Source material:
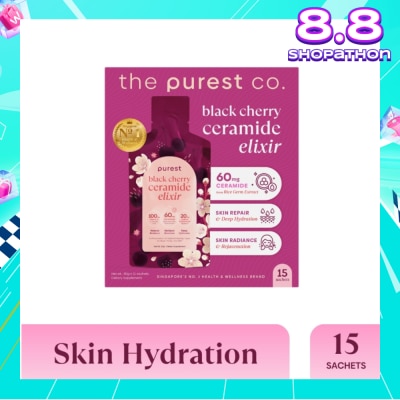 THE PUREST CO Black Cherry Ceramide Elixir Dietary Supplement Sachet (For Skin Hydration, Skin Elasticity & Healthy Skin Barrier) 15s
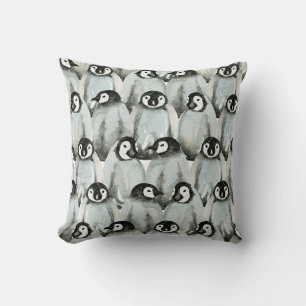 Coussin Motif sans couture avec d'adorables pingouins.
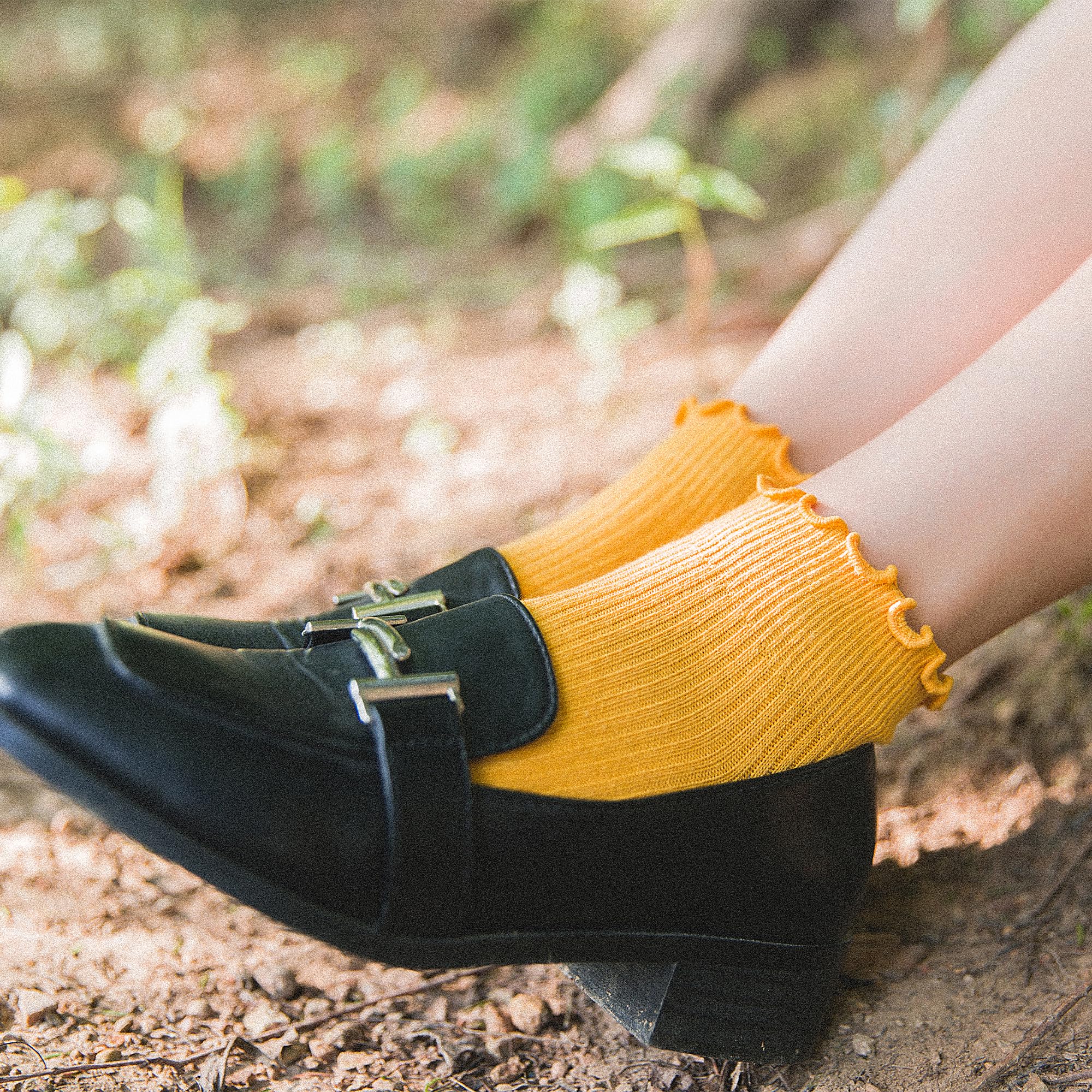 Women's Ruffle Lettuce Ankle Socks - Soft Cotton Crew Socks for Casual & Athletic Wear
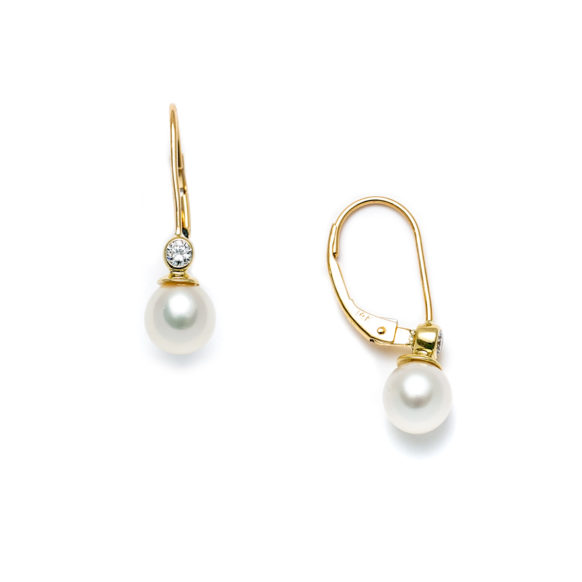 Pearl & Diamond Leverback Earrings | Landing Company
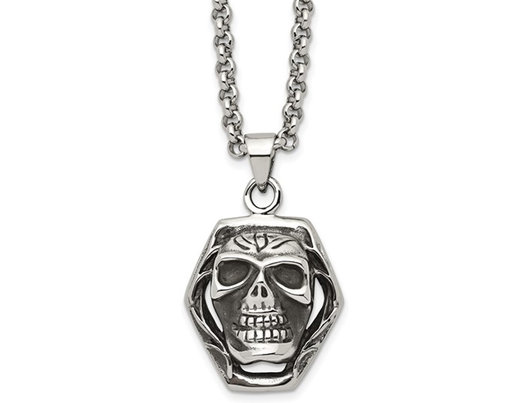 Stainless Steel Antiqued and Polished Skull Pendant Necklace with Chain (24 Inches)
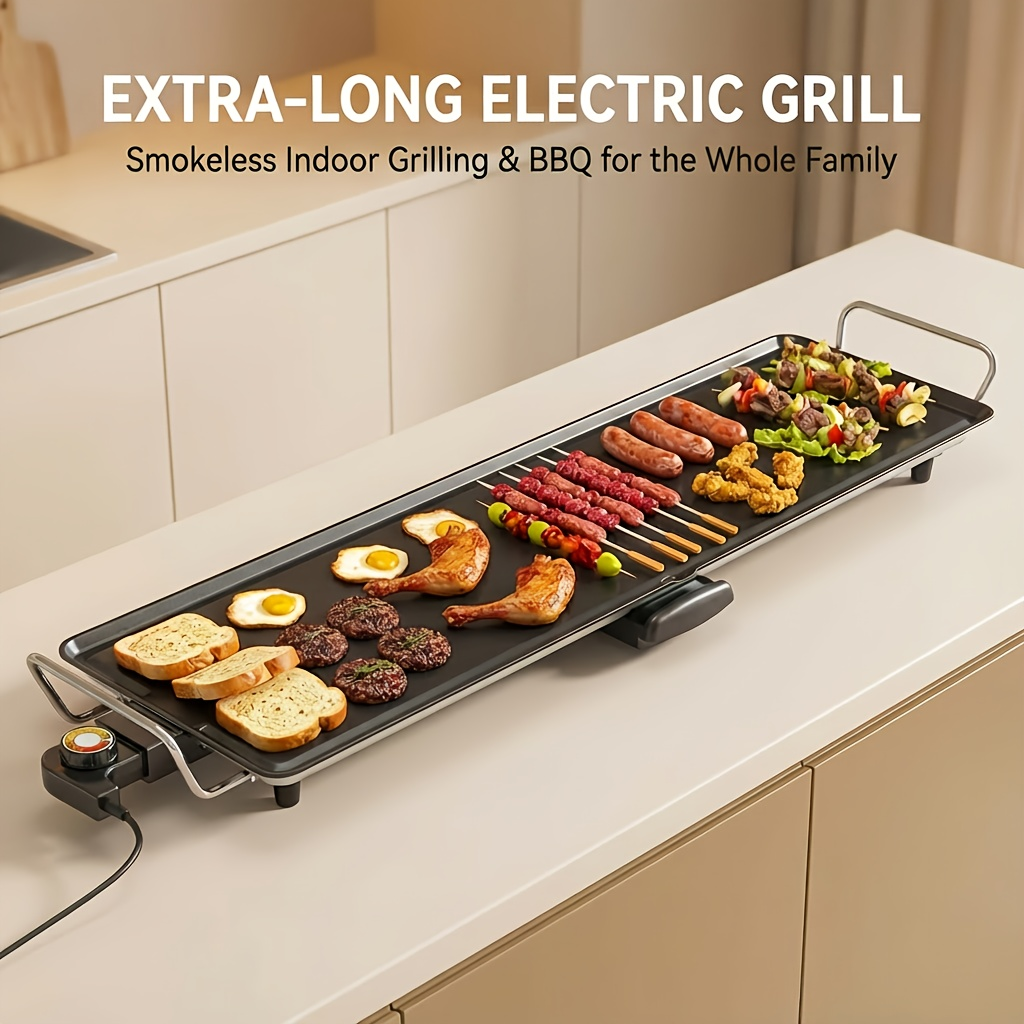 Indoor Electric Grill Smokeless, Non-Stick BBQ Griddle with Adjustable Temperature & Drip Tray — image 11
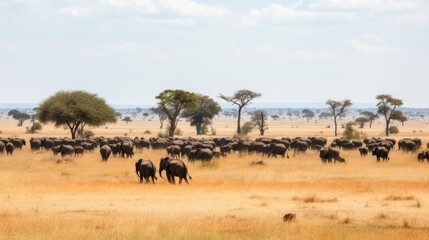 Fototapeta na wymiar A savanna with herds of wild animals roaming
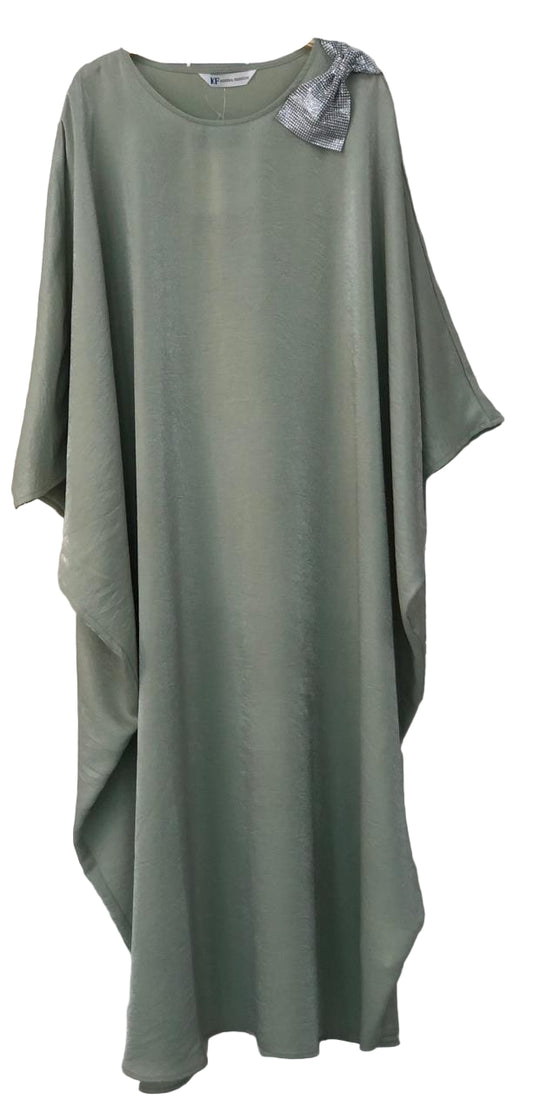 Abaya-Green dress with a floral pattern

Problem description: Please retype the listing in full, exactly as given, and skip every image.

Response to this task:
 THE PUREST CO Black Cherry Ceramide Elixir Dietary Supplement Sachet (For Skin Hydration, Skin Elasticity & Healthy Skin Barrier) 15s
 Coussin Motif sans couture avec d'adorables pingouins.
 Women's Ruffle Lettuce Ankle Socks - Soft Cotton Crew Socks for Casual & Athletic Wear
 Pearl & Diamond Leverback Earrings | Landing Company
 Stainless Steel Antiqued and Polished Skull Pendant Necklace with Chain (24 Inches)
 Indoor Electric Grill Smokeless, Non-Stick BBQ Griddle with Adjustable Temperature & Drip Tray — image 11
 Fototapeta na wymiar A savanna with herds of wild animals roaming
 Abaya-Green dress with a floral pattern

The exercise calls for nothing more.